I remember the time my dad and uncle salvaged an old car hood for my sister, cousin and me. They tied it to the back of my uncle’s pick-up and pulled us all over town. Despite the onslaught of snow and ice that careened into our faces as we were drug behind, we had a blast. We laughed and screamed, begged to go faster, and begged to slow down. You could say we had the ride of our lives.
It’s funny how snow seems to white-out rules and responsibilities. On a Snow Day, nobody cares if you pull kids behind a car or ride four-wheelers down Main Street. The rules, like tree branches, bend and break under the weight of the snow. Sooner or later, the sun will shine and everyday life will resume. But today, you’re free.
At 14 years old, I remember spending my first Snow Day with my boyfriend (who is now my husband). He was the perfect companion for a Snow Day, a real country boy who knew how to have fun. He took me to a nearby pasture down a gravel road, where about a dozen of his friends had gathered, looking like a small forest on a white backdrop in all their camouflage. They let me join in as they did what boys do. They rigged up a tractor inner tube behind a four-wheeler and took turns pulling each other at dangerous speeds. They cut doughnuts and spun tires and were generally reckless. I was in awe. Then out of nowhere, the rope-tied inner tube plowed under my feet and slung me in the air like something from a movie. I hit the ground so hard I thought my head would never stop pounding. Thankfully, I wasn’t seriously injured. And though we realize that incident could have turned out much worse, it’s a memory we still laugh about to this day.

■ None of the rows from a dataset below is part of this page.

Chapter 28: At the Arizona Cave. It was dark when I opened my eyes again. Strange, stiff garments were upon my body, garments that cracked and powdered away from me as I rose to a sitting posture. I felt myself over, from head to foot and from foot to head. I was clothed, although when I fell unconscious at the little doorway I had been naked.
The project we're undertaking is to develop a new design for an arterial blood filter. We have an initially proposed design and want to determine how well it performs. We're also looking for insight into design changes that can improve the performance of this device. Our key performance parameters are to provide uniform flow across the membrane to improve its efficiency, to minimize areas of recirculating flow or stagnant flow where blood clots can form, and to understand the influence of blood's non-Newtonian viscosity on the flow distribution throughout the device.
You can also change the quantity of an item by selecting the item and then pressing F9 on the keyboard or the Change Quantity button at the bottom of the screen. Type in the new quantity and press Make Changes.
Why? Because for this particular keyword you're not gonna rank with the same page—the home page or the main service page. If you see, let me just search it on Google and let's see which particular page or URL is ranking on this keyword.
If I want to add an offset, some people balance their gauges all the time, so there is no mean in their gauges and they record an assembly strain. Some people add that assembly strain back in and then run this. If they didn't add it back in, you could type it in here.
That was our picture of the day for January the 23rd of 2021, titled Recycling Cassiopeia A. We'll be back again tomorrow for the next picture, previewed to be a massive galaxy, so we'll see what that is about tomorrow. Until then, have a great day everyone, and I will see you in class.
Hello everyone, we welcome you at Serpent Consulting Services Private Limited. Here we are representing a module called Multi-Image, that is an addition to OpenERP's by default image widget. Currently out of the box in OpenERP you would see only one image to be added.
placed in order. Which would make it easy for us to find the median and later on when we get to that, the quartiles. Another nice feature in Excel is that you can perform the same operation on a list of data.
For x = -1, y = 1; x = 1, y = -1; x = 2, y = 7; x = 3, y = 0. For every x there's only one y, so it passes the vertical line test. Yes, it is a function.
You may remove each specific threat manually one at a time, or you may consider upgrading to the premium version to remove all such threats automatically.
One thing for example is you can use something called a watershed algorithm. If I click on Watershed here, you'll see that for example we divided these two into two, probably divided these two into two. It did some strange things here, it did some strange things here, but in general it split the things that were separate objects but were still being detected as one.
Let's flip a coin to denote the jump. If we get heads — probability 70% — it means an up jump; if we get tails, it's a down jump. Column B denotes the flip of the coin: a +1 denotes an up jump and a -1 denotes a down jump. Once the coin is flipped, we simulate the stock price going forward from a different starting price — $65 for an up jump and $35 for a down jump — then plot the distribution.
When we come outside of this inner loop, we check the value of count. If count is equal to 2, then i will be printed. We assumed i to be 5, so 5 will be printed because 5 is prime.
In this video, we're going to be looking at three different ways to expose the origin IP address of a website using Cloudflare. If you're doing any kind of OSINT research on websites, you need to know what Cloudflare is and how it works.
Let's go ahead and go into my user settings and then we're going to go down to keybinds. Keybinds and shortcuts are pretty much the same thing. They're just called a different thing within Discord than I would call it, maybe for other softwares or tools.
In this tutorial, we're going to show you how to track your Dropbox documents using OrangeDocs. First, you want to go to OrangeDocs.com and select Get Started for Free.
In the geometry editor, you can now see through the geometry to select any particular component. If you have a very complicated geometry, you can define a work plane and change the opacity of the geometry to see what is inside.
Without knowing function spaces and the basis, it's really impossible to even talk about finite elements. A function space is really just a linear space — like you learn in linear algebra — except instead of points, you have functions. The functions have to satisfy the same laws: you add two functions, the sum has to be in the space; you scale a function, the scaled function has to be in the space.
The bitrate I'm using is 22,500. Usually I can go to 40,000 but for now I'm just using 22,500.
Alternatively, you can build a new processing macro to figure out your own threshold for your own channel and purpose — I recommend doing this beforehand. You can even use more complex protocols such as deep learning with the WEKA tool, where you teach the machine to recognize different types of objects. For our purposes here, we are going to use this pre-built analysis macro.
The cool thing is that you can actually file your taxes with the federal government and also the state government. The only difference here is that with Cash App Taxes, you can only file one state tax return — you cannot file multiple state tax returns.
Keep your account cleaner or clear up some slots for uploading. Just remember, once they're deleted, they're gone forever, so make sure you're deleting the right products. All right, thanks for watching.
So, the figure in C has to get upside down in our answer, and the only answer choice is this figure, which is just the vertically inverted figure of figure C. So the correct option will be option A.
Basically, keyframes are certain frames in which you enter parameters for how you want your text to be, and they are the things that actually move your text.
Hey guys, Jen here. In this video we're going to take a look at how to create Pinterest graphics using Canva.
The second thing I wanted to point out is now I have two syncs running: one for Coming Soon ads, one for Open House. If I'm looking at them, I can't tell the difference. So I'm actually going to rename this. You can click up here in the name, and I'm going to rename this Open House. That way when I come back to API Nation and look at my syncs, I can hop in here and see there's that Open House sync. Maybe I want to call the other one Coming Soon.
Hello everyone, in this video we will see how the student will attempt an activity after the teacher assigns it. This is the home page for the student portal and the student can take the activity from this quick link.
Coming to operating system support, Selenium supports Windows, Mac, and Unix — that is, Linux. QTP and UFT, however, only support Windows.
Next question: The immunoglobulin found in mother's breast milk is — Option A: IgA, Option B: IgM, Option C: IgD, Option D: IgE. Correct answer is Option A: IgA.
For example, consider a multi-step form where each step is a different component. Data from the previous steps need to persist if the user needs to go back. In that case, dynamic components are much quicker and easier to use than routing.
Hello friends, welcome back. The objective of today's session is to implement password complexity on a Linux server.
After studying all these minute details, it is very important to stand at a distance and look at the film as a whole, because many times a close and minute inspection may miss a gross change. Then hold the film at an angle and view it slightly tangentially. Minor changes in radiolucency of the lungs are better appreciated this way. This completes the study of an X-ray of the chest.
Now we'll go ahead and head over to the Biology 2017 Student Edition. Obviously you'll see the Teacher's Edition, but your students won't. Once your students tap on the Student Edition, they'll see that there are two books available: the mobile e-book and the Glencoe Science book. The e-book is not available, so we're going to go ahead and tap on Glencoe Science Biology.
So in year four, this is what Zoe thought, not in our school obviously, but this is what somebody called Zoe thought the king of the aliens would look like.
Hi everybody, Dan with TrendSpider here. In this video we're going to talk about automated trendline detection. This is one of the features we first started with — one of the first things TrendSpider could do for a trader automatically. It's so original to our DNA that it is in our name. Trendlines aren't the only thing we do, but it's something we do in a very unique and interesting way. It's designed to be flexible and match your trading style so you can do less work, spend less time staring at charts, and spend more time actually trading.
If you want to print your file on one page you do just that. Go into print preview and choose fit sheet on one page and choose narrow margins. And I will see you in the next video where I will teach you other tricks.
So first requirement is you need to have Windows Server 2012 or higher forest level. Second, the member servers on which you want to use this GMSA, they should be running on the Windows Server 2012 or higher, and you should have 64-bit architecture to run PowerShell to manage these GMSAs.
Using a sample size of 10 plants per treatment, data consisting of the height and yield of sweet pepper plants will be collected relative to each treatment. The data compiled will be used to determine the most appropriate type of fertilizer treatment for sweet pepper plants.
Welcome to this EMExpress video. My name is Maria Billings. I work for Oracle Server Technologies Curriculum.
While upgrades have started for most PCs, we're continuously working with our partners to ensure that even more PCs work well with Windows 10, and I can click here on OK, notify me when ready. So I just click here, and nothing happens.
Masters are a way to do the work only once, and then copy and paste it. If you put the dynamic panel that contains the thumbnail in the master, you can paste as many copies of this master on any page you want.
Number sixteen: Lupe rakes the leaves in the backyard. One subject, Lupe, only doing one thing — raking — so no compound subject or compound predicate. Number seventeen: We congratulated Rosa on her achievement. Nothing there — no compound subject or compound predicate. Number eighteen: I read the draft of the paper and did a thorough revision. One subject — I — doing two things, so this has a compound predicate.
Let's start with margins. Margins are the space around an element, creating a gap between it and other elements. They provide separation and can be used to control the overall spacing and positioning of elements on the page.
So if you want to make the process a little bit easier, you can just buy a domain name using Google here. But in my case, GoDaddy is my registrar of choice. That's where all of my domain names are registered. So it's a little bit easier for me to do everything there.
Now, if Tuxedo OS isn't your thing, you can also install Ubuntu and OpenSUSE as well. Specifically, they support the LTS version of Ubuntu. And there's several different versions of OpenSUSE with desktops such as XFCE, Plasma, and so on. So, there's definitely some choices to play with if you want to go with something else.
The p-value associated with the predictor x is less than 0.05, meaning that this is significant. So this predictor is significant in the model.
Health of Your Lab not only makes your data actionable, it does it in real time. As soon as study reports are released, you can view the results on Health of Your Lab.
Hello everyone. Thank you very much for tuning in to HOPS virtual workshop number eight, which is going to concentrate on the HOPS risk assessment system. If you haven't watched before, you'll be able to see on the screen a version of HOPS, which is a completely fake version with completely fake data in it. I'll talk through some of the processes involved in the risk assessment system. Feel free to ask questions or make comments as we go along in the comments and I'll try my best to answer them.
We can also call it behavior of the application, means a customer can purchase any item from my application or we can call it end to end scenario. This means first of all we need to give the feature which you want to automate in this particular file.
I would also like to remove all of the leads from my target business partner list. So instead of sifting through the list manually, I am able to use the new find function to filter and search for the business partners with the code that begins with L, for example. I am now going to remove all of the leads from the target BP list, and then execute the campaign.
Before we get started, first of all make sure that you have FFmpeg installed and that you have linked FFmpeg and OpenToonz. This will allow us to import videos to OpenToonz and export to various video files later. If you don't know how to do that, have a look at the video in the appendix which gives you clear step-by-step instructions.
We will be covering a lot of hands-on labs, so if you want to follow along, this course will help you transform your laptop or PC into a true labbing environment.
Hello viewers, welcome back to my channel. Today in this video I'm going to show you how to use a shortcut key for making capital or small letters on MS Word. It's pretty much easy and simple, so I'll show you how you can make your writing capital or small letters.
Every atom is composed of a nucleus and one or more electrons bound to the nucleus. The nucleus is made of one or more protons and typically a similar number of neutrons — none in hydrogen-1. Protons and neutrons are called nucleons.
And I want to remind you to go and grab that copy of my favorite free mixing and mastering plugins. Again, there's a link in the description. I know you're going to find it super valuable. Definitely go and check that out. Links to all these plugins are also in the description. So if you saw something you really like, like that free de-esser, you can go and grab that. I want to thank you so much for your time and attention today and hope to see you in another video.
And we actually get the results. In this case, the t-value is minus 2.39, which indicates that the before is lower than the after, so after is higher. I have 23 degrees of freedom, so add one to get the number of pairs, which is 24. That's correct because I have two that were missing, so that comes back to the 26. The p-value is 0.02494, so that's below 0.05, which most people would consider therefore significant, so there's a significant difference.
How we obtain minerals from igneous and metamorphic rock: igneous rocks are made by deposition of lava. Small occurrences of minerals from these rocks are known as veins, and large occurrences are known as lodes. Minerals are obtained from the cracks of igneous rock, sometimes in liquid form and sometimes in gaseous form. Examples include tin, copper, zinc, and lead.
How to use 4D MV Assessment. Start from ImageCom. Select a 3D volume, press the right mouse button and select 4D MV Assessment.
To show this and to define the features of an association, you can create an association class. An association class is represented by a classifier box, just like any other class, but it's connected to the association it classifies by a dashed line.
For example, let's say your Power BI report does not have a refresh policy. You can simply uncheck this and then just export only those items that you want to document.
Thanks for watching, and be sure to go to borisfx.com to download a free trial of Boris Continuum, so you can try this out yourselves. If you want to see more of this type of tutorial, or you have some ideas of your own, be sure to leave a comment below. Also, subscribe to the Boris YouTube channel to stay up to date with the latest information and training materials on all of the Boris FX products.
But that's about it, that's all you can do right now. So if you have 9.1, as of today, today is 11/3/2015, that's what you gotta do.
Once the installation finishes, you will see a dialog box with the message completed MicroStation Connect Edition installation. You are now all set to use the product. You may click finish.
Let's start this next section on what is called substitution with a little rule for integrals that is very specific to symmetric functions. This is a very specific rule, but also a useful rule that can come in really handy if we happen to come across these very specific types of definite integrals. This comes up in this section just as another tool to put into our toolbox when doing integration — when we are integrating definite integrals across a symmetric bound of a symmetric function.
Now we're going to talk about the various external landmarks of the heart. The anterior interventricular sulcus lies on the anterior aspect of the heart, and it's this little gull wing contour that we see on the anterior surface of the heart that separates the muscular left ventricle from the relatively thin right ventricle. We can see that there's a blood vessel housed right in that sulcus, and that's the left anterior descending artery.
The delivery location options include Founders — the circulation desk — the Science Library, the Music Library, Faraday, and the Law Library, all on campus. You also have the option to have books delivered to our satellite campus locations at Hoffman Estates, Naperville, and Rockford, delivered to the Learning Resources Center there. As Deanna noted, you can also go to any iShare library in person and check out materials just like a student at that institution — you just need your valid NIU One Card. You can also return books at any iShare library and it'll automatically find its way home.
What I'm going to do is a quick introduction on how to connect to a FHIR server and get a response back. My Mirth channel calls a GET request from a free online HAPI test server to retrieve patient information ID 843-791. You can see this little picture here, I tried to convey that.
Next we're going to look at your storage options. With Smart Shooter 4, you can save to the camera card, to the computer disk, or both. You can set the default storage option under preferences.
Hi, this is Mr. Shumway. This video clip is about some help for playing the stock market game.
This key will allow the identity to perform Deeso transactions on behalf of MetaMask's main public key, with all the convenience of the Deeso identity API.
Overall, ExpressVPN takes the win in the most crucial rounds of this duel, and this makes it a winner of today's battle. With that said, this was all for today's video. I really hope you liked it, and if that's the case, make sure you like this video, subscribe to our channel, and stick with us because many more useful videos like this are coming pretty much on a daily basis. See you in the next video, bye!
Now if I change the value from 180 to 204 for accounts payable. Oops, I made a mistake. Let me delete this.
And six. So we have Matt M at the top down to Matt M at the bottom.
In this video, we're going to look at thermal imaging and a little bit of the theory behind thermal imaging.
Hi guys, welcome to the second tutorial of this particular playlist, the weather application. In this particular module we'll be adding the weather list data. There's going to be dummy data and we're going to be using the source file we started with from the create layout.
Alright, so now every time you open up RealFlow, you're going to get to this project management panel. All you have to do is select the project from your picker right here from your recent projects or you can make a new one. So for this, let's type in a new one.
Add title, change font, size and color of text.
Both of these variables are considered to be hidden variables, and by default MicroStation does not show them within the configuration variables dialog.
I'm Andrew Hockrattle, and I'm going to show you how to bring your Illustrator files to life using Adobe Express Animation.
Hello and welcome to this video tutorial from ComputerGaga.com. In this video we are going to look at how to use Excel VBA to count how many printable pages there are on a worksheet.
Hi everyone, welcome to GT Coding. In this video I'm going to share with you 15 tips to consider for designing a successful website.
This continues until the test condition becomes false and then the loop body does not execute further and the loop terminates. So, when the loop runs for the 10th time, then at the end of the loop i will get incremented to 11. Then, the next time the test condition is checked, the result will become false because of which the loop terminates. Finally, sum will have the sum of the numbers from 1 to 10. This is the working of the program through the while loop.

I wasn’t unlike all Southern kids who wait with expectation once or twice a year, then hoot and holler when their school names scrolls the bottom of the TV. In my opinion, a Snow Day isn’t another day to continue business as usual thanks to technology. It’s a day to exhale, forget responsibilities, and create memories that won’t melt with the snow. For most of us, those memories endure into adulthood, when we share them with our own kids and hope they’re given the chance to shut their laptops and do the same.